▶ What the task asks
The whole listing below is to be repeated without alteration.

▶ Supplied information
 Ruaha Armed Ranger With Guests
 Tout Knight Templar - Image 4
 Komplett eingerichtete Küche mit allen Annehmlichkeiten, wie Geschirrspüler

▶ Output for this exercise
 Ruaha Armed Ranger With Guests
 Tout Knight Templar - Image 4
 Komplett eingerichtete Küche mit allen Annehmlichkeiten, wie Geschirrspüler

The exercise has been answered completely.